*WHAT THE TASK ASKS*: For this exercise, repeat exactly the lines below starting at the line holding "Question number 65" and ending at the line holding "This article was", both included, with no extra lines and no pictures.

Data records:
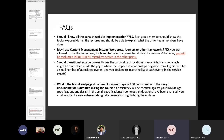We are not allowing you to use content management systems because you would basically skip all the technical stuff required for the front-end part. If you use WordPress, Joomla, or similar, you will get an insufficient mark, which means you will fail completely the exam, even if the other design and back-end parts are sufficient.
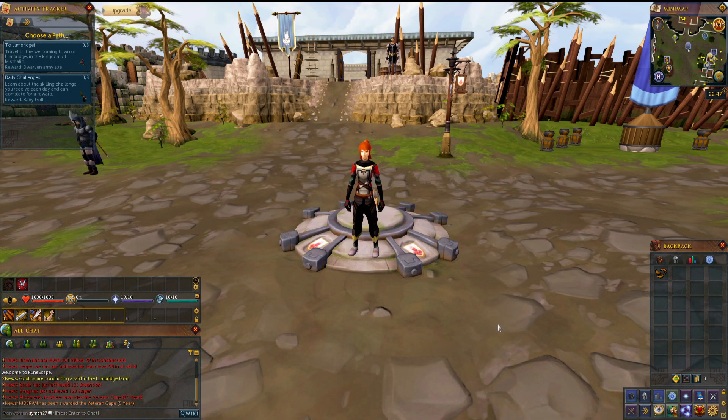Hey guys, Magellan here and today I'm going to talk about how you can set up your UI and some useful things you can pull up for it.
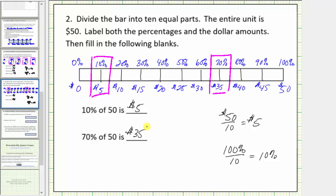I hope this helps you see how we can use a tape or bar diagram in order to solve percent problems. In the next lesson, we'll take a look at some more challenging percent problems. I hope you found this helpful.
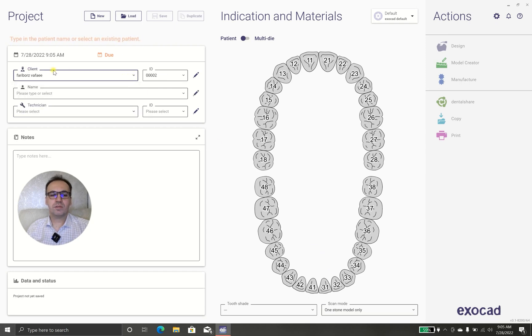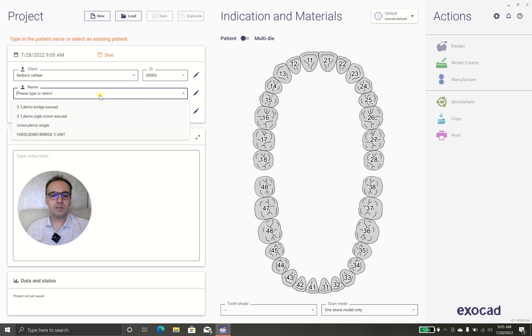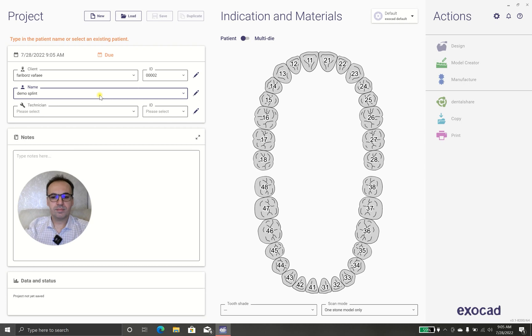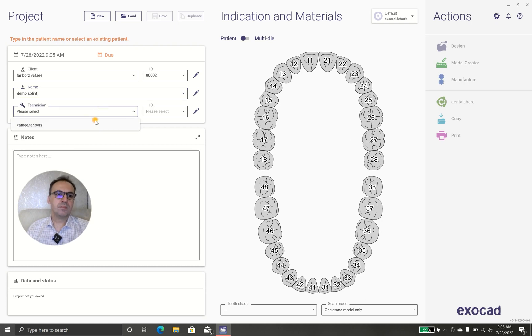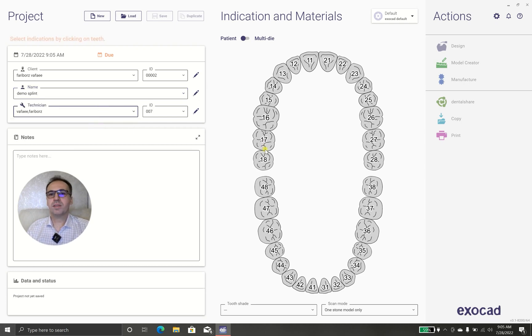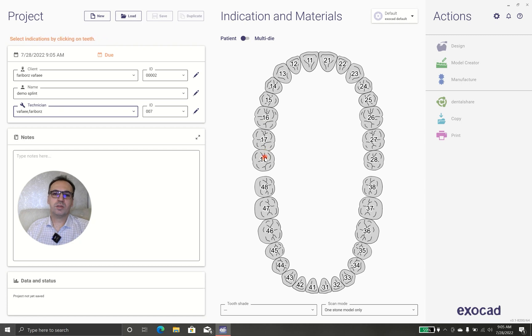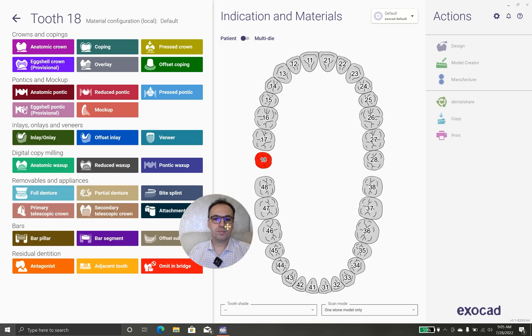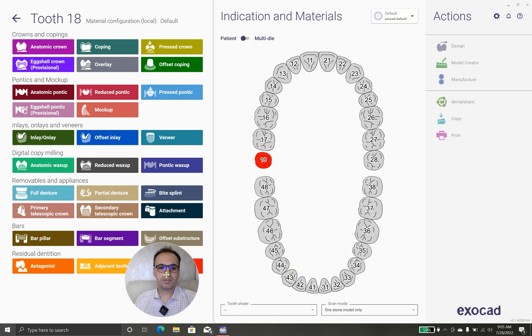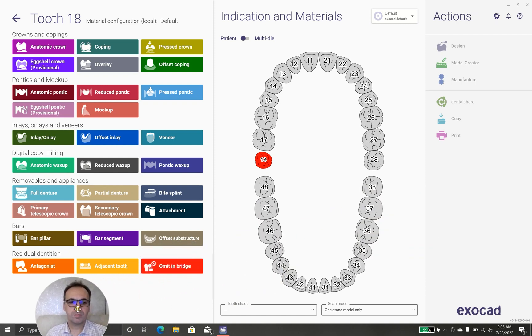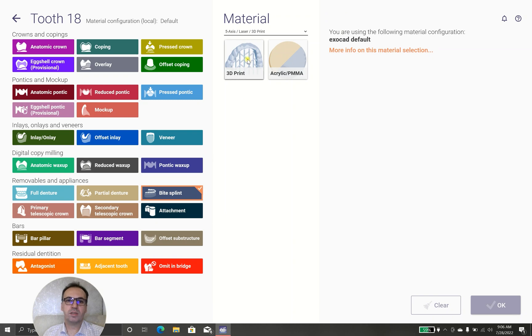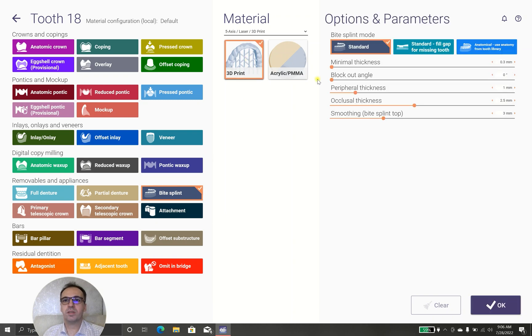First, we choose the client, demo, splint technician, myself, and then we are going to choose the jaw that is going to be designed for the splint. I designed the splint on the upper jaw, so I choose the upper jaw and I'm choosing bite splint and I'm going to 3D print it.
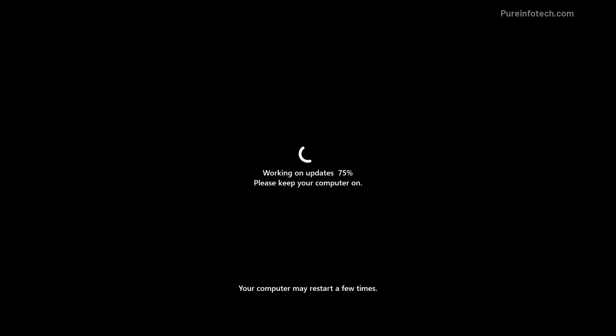Since this is an upgrade and not a clean installation, you will not have to go through the initial setup. All your settings and apps will be migrated automatically to the new installation.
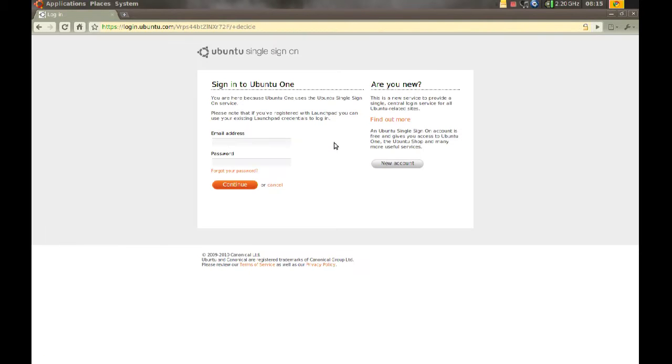When you do that your browser is going to pop up and it's going to ask you to log in to your Ubuntu One account. So go ahead and login.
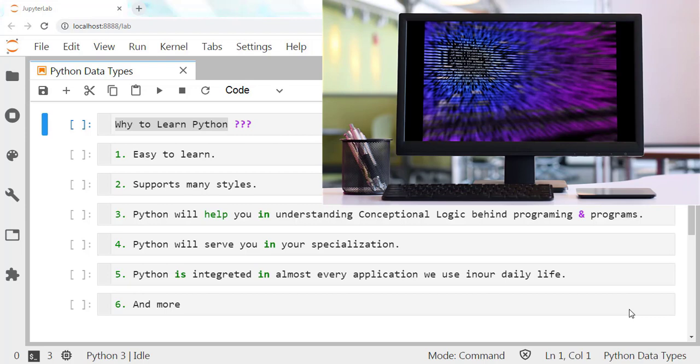In conclusion, Python is a good general-purpose language that can be used in a variety of applications.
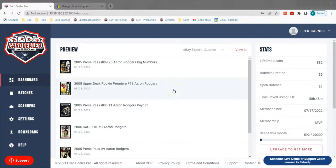Hello everyone, Fred here again with Card Dealer Pro. In today's video we're going to run you through how to export a batch to list your cards for sale on eBay using eBay's CSV file exchange.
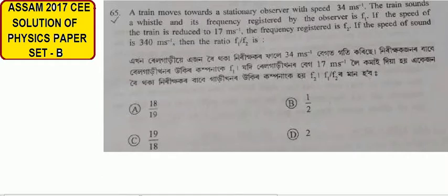Question number 65 of Set B, Assam CE 2017. This is a problem on the Doppler effect. A train moves towards a stationary observer with a speed of 34 meters per second. The train sounds a whistle and the frequency registered by the observer is F1.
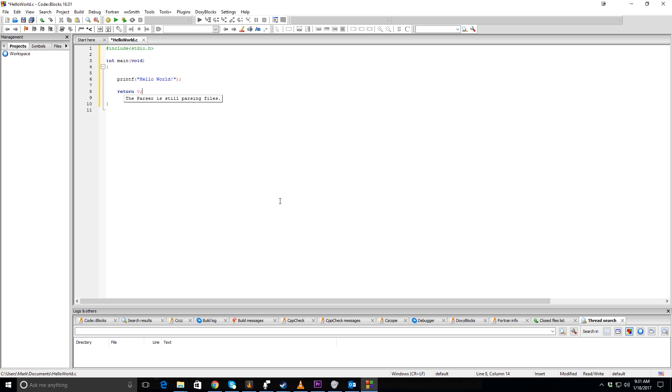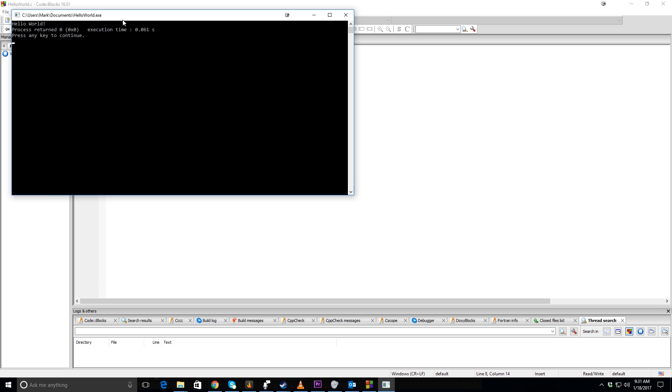Let's go ahead and push the build and run, and as you can see that works. So that's just a good way to get started for somebody who's never written a program before.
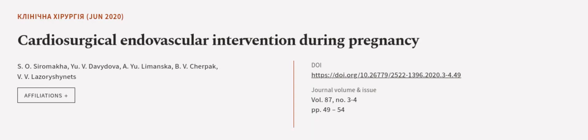This article was authored by S.O. Ciramica, U.V. Davidova, A. Ulymanska, and others.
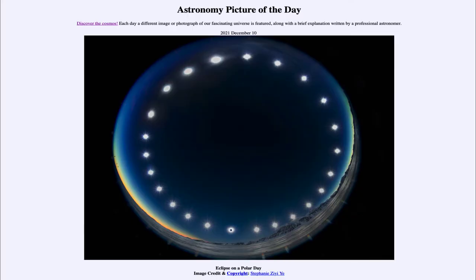Greetings and welcome to the introduction to astronomy. One of the things that I like to do in each of my introductory astronomy classes is to begin the class with the Astronomy Picture of the Day from the NASA website at apod.nasa.gov/apod. Today's picture for December 10th of 2021 is titled 'Eclipse on a Polar Day.'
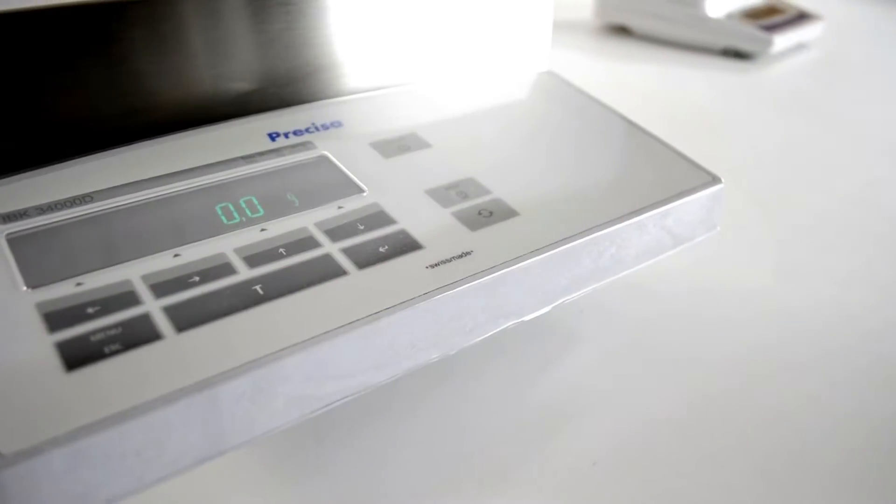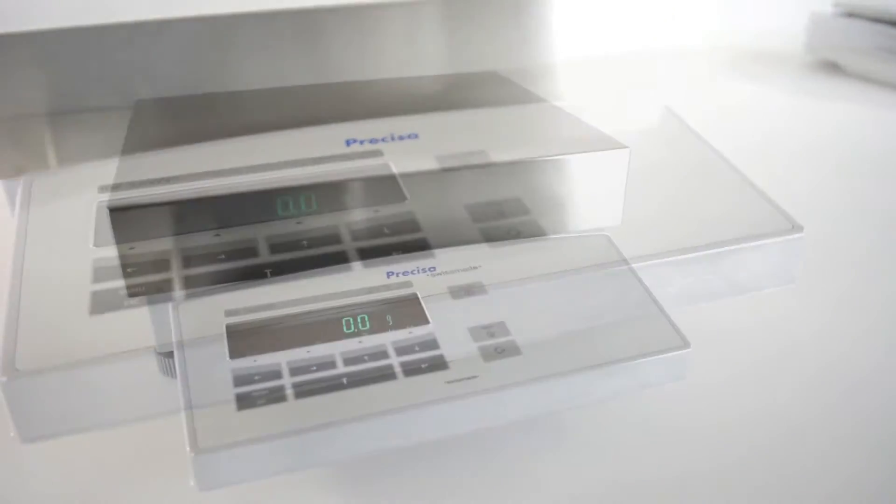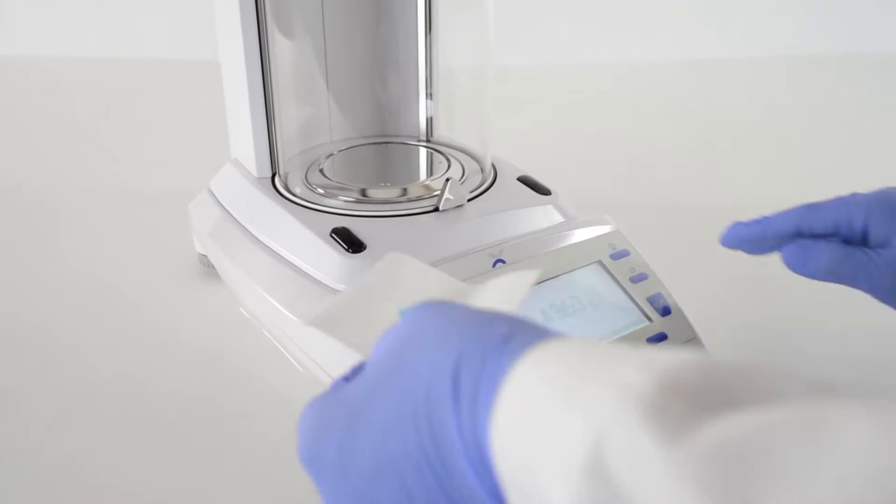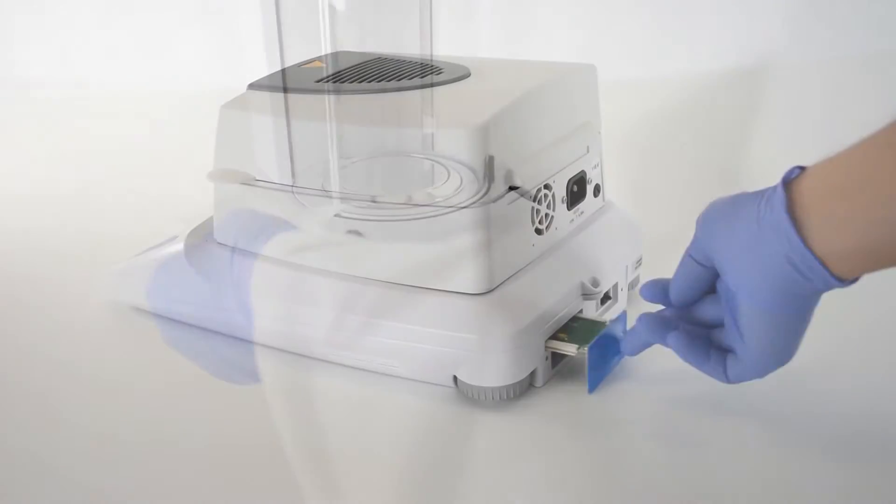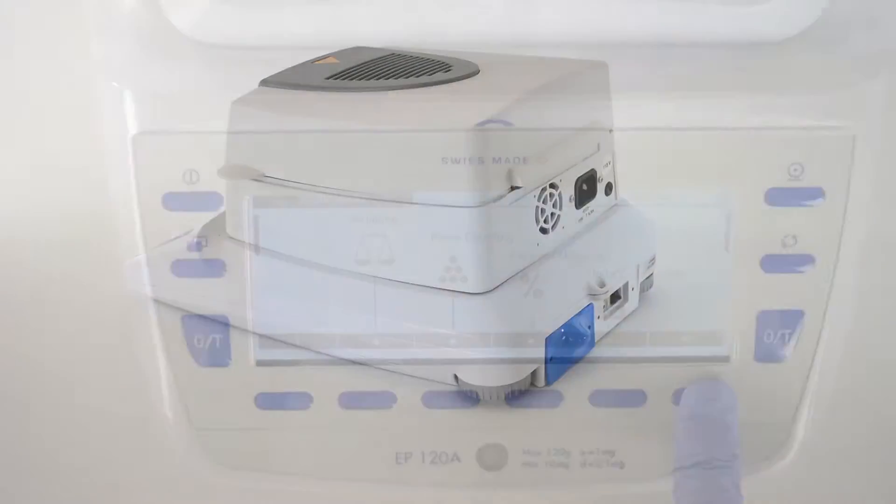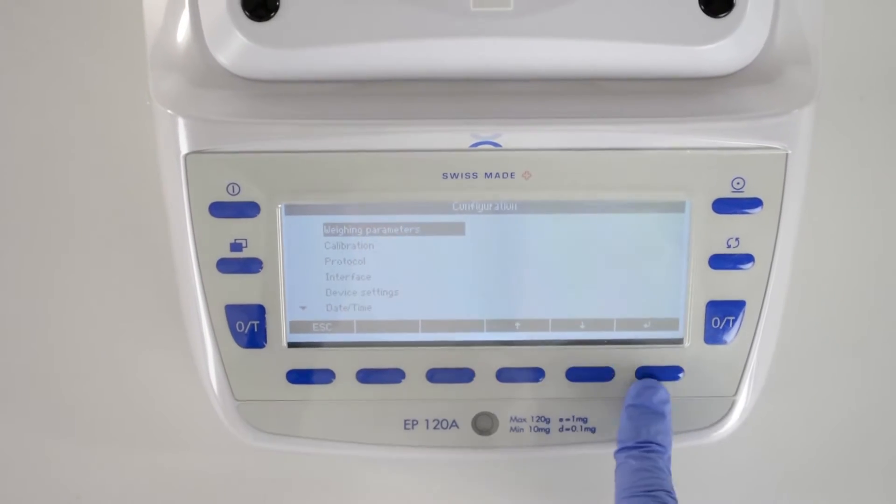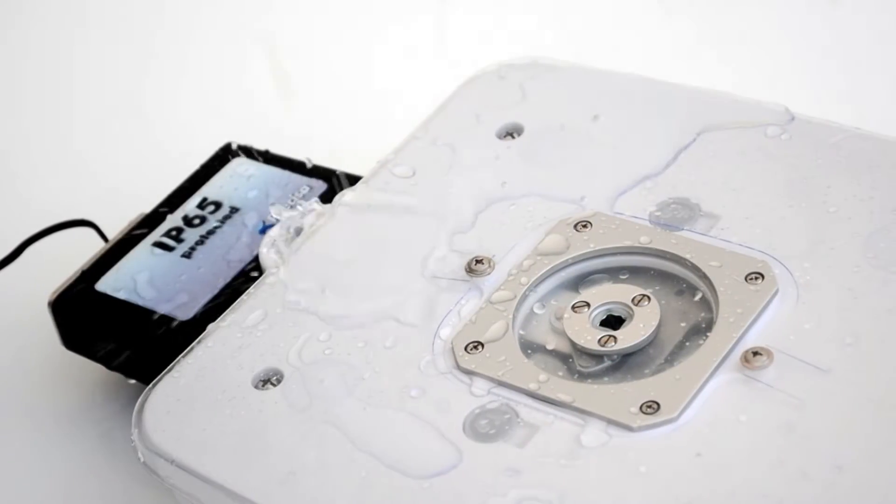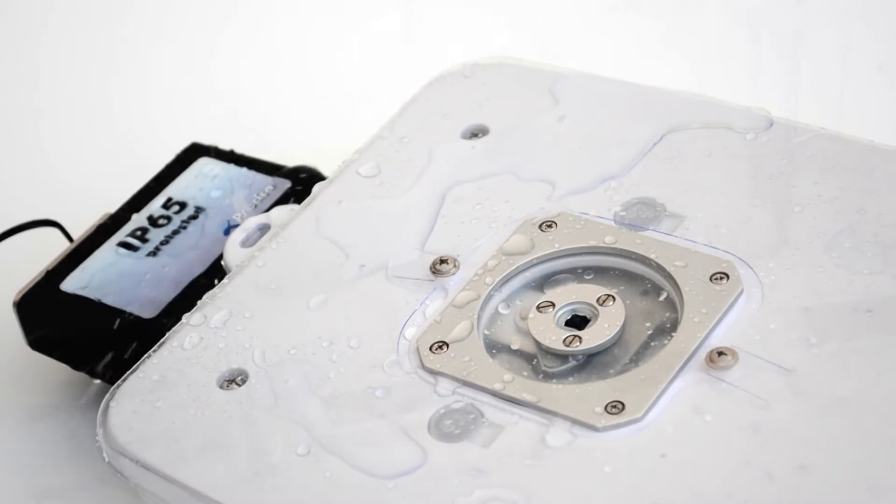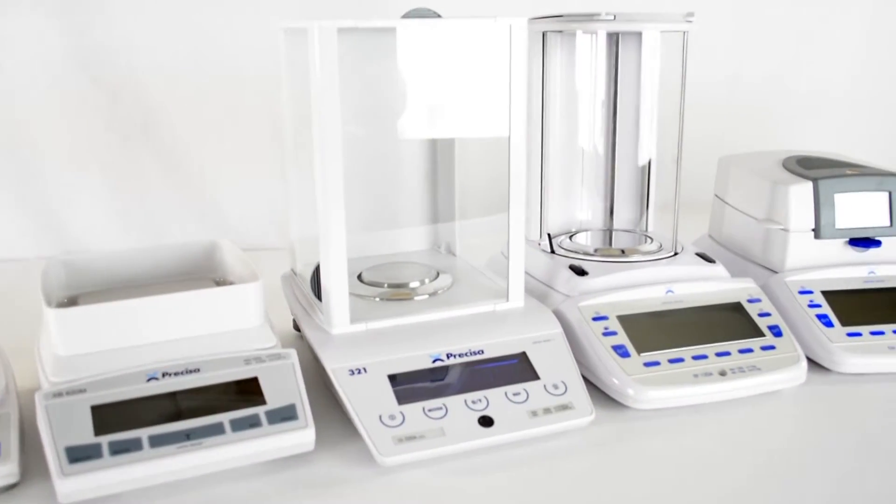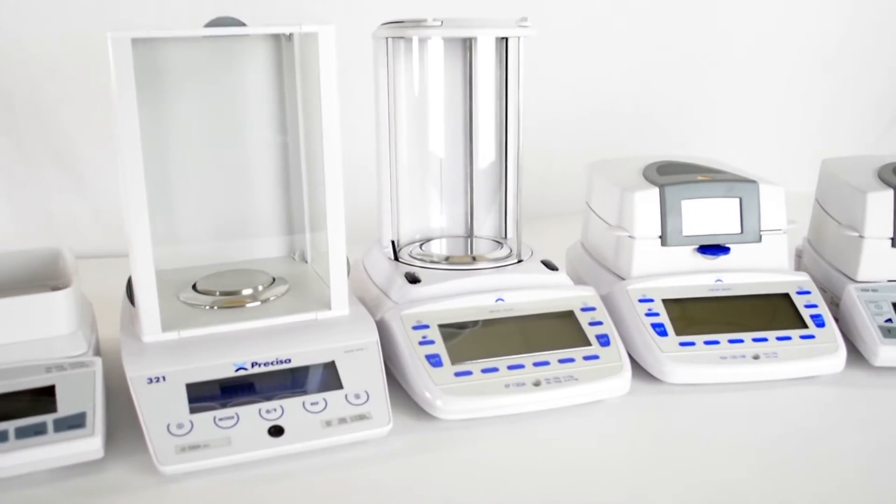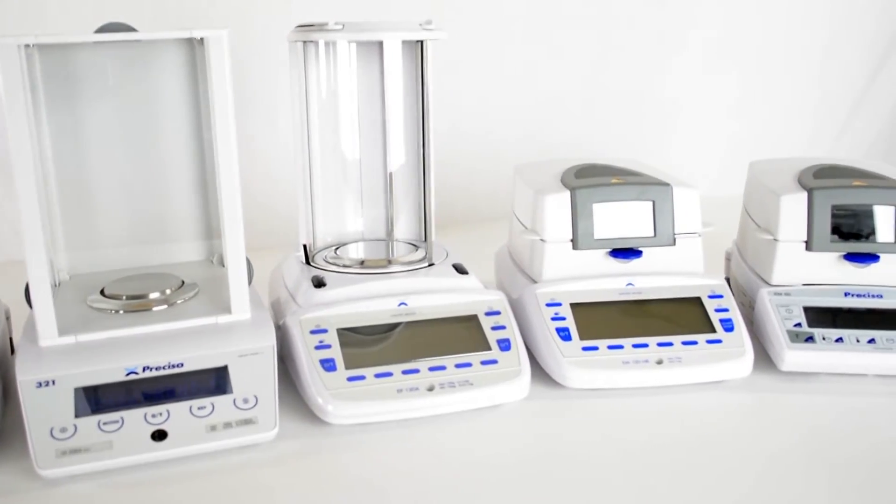The Precisa range features readability from 0.1 grams to semi-micro, with slide-in modules for advanced connectivity, customizable settings, fully serviceable units, and optional IP65 rated housing. The Swiss-engineered Precisa balances are unrivaled in versatility and reliability.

*ANSWER BELOW*:
Question number 65 of Set B, Assam CE 2017. This is a problem on the Doppler effect. A train moves towards a stationary observer with a speed of 34 meters per second. The train sounds a whistle and the frequency registered by the observer is F1.
Let's go ahead and push the build and run, and as you can see that works. So that's just a good way to get started for somebody who's never written a program before.
This article was authored by S.O. Ciramica, U.V. Davidova, A. Ulymanska, and others.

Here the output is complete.